▶ **PROVIDED RECORDS**:
--- START ---

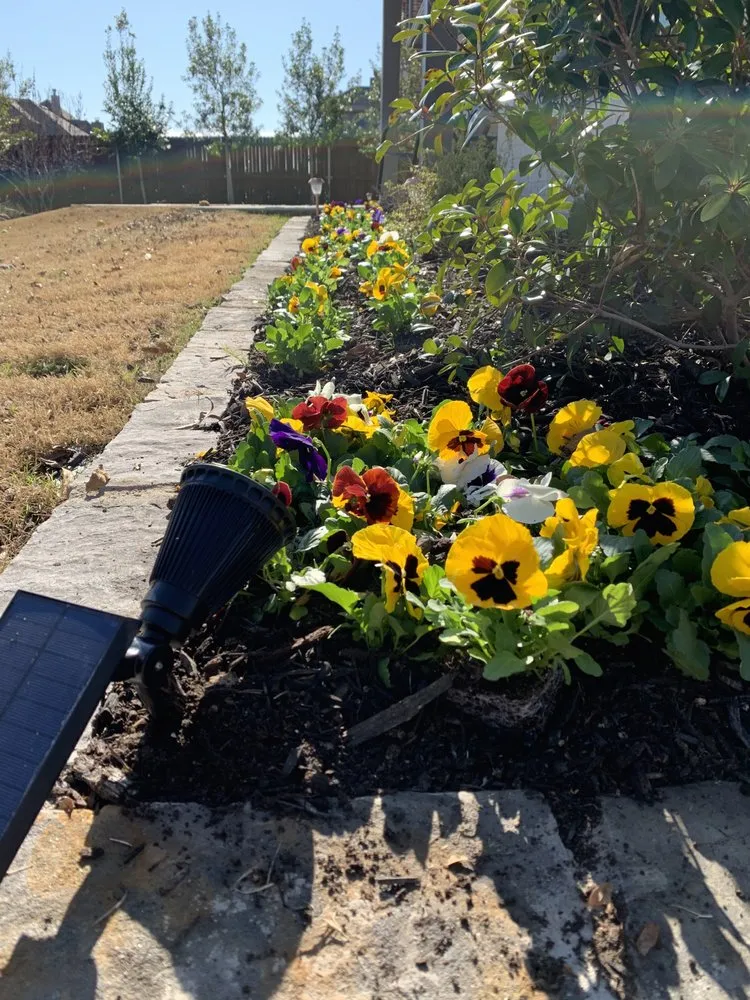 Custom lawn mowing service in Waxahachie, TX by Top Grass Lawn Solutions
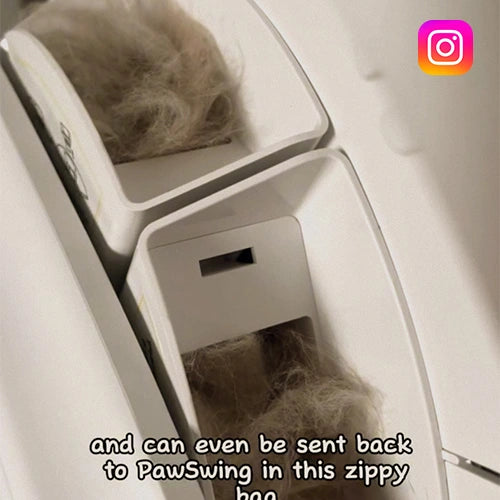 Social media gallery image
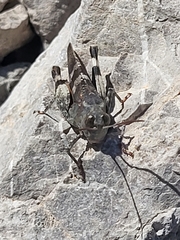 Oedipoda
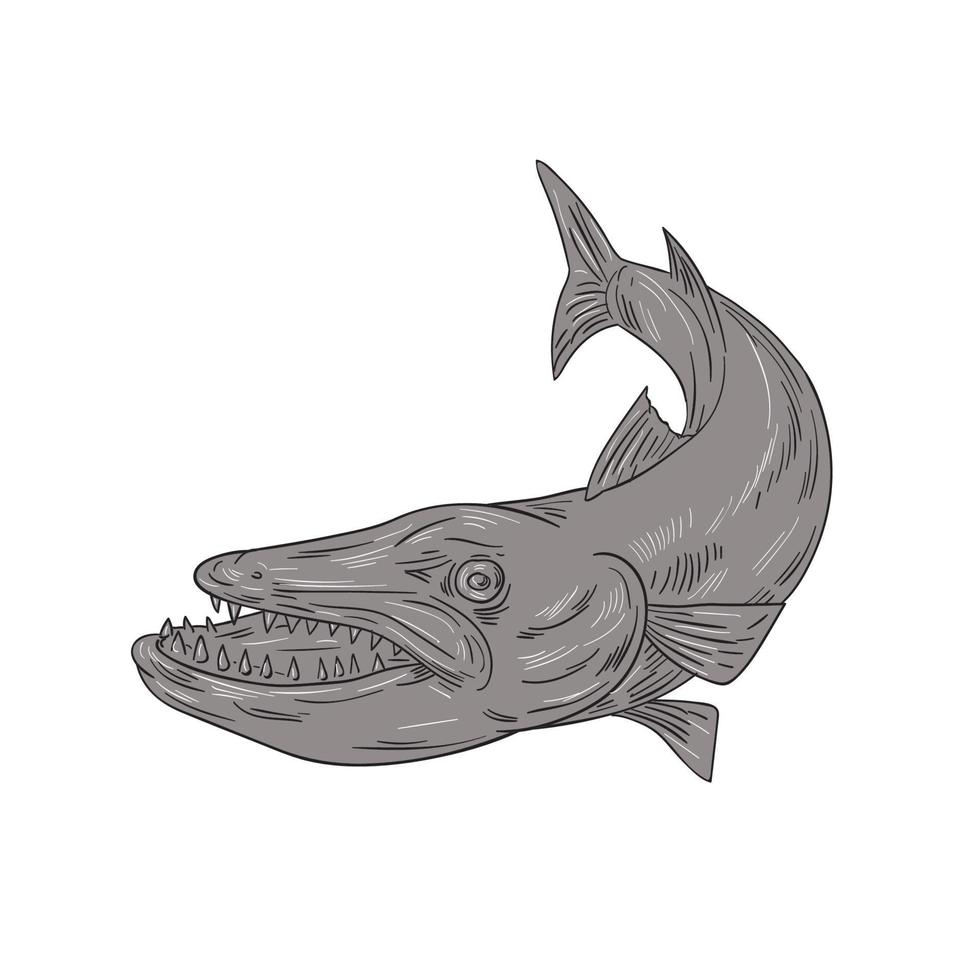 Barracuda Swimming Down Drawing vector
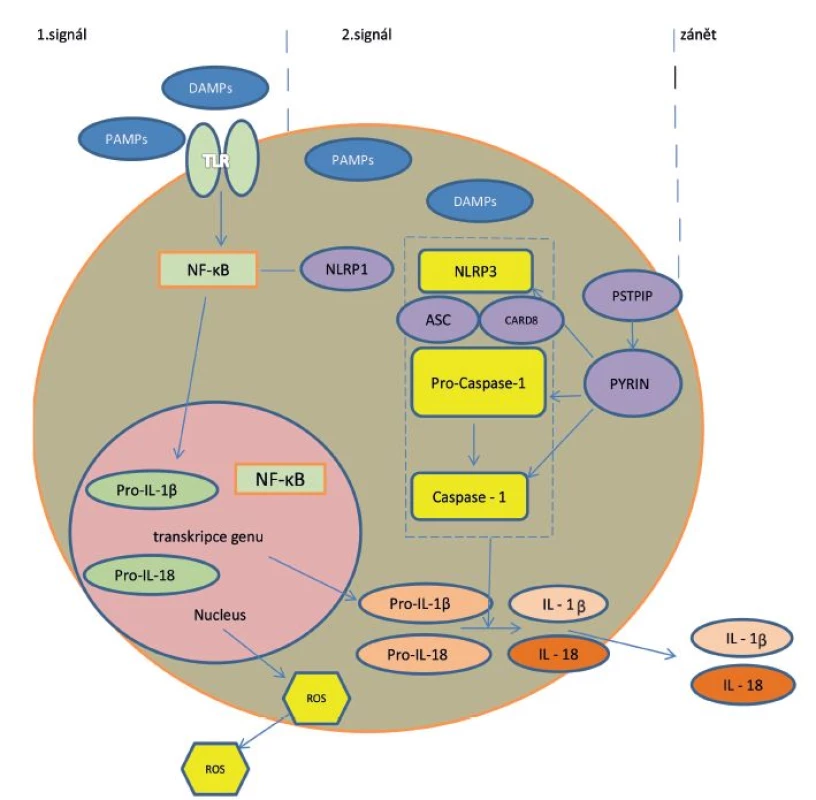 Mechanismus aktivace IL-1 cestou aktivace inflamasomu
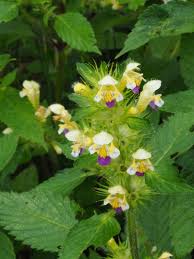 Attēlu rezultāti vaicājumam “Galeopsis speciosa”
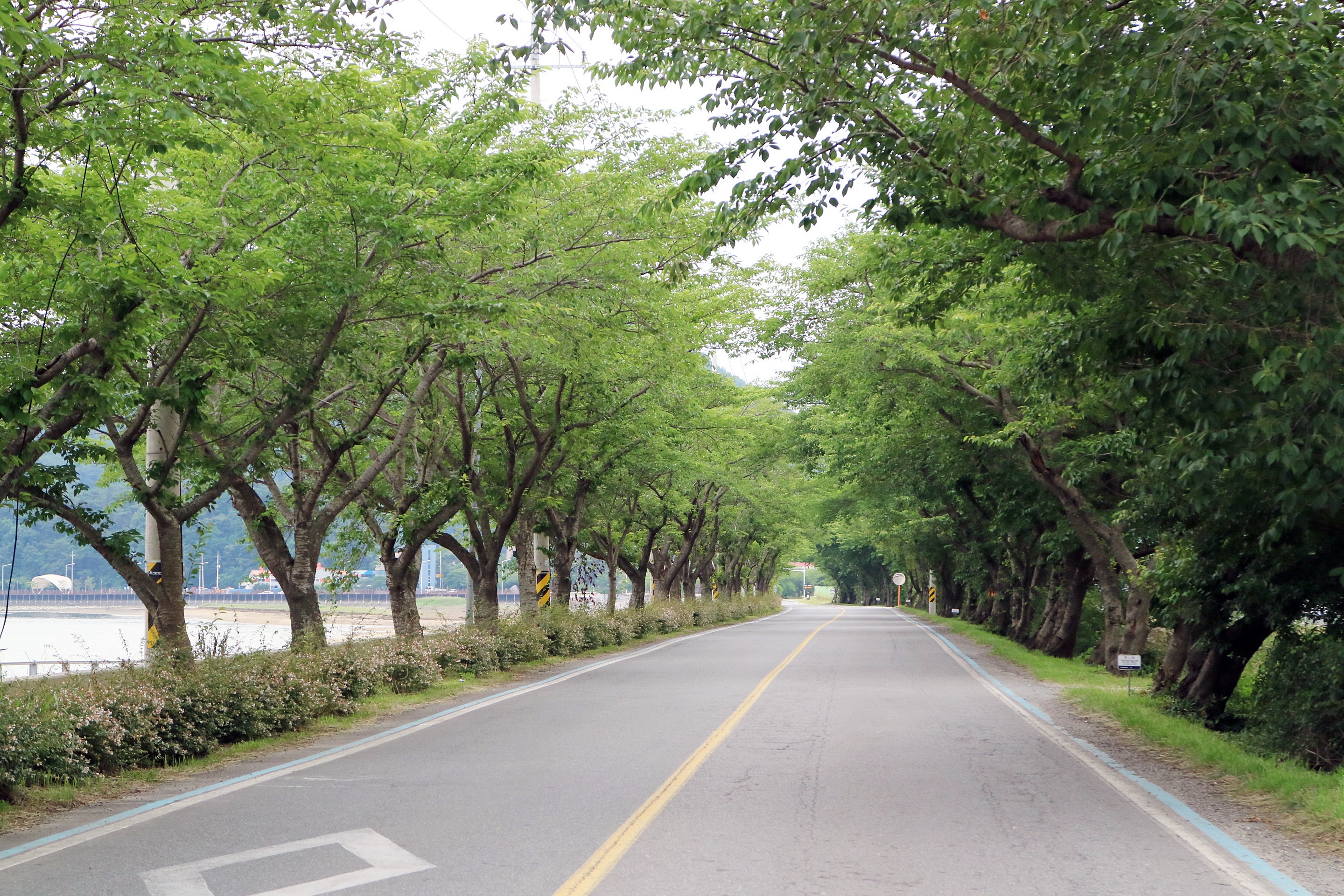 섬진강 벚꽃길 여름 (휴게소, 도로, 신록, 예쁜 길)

--- END ---

▶ **PROBLEM DETAILS**: Only the text of the records belongs in your answer, repeated exactly; the pictures stay out.

▶ **WRITTEN ANSWER**:
 Custom lawn mowing service in Waxahachie, TX by Top Grass Lawn Solutions
 Social media gallery image
 Oedipoda
 Barracuda Swimming Down Drawing vector
 Mechanismus aktivace IL-1 cestou aktivace inflamasomu
 Attēlu rezultāti vaicājumam “Galeopsis speciosa”
 섬진강 벚꽃길 여름 (휴게소, 도로, 신록, 예쁜 길)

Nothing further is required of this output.